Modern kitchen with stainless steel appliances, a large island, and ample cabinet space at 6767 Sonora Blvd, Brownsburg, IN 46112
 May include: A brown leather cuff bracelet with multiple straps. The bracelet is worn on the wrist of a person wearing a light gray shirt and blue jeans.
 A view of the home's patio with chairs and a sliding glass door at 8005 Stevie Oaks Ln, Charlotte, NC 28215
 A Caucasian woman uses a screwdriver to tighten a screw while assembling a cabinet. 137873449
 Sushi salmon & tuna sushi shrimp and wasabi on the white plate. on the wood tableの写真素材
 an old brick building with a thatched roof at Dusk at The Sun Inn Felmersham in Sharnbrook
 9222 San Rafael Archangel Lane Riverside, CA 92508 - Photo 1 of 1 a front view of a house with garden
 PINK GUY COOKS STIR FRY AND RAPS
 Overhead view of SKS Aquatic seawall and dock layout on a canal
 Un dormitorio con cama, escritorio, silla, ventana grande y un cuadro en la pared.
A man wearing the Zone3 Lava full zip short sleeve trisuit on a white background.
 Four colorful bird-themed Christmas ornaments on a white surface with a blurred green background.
..............................
= WHAT YOU WILL DO =
Above are the records; please copy exactly their first line and each line after it through the line containing "May include: A", and no line after that.

= ANSWER SECTION =
Modern kitchen with stainless steel appliances, a large island, and ample cabinet space at 6767 Sonora Blvd, Brownsburg, IN 46112
 May include: A brown leather cuff bracelet with multiple straps. The bracelet is worn on the wrist of a person wearing a light gray shirt and blue jeans.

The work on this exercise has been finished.